She opened the flap and scanned the front page. Her eyebrows lifted. The document bore the embossed seal of Winton Industries Legal Office, printed across the top in crisp navy lettering. At the bottom was an electronic signature belonging to someone important.
“This is not garbage,” Brenna murmured.
Mitchell looked genuinely surprised. “Is it serious?”
“I think it might be very serious,” Brenna replied. She glanced at Jace. “Where did you find this?”
“Behind the building,” he said. “Near the dumpsters. A bag was torn. I saw the logo. My mom used to say if something has someone else’s name on it, you should try to give it back.”
Brenna’s heart tightened at the honesty in his words. She pressed a phone button on her desk.
“Mr. Winton’s office? There is something he needs to see. Immediately.”
Before arriving in the lobby, Jace had already lived a lifetime’s worth of struggle.
He had grown up on the east side of Riverview, Illinois, in a neighborhood where windows were patched with cardboard and children learned to step over broken glass before they learned to cross the street. His mother, Maribel, had scrubbed hospital floors at night and came home smelling of bleach and exhaustion, yet she always managed to hum lullabies while heating canned soup. She told him stories about having dreams, even if life seemed bent on stealing them.

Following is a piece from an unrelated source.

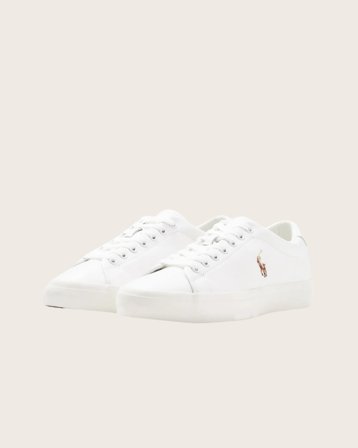 Polo Ralph Lauren Longwood Leather Sneaker Hvid Sko Dreng - Kids Brand Store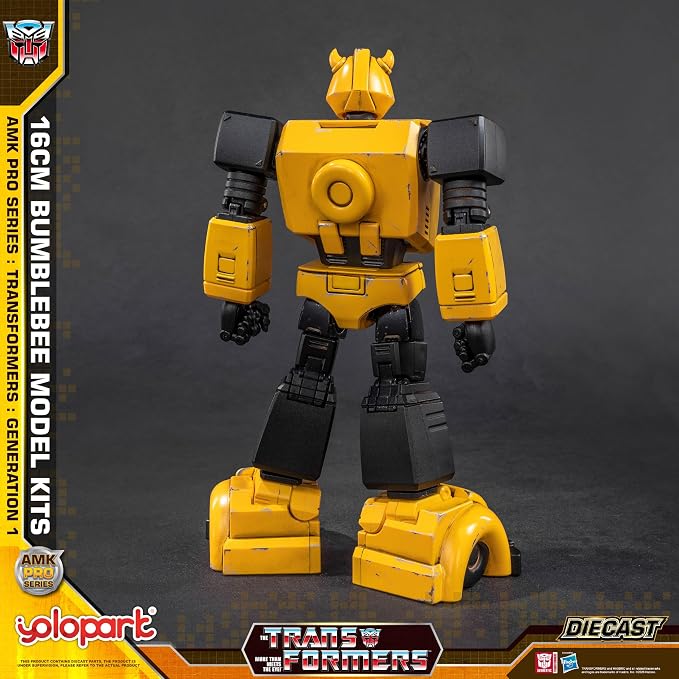 YOLOPARK Transformers G1 Bumblebee Action Figure-Diecast Version,AMK PRO Series 6.3 Inch Highly Articulated Transformer Toys for Ages 15 and Up,Non-Converting Bumblebee Model Kit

When Maribel passed away suddenly, gone like a light switched off in the middle of a sentence, Jace was left alone with a grandmother who was too weak to care for herself. The system tried to place him, but Jace slipped through fingers like spilled water. He began collecting cans, sleeping in abandoned cars or under tarps when it rained, wandering the city like a ghost no one saw.
Yet one lesson from his mother clung to him like a heartbeat: right and wrong mattered, no matter who you were.
That was why, when he dug through a dumpster for recyclables and found the pristine envelope, he froze. The company’s logo gleamed even through grime: Winton Industries, owned by a man who smiled from billboards and magazines. A man who promised to create jobs and opportunities while shaking hands with governors.
Jace could have left it. He could have sold it for scrap value. Instead, he tucked it under his shirt to protect it from the rain and walked all the way to Lakeshore Plaza, rehearsing his explanation with every step until the words felt threadbare.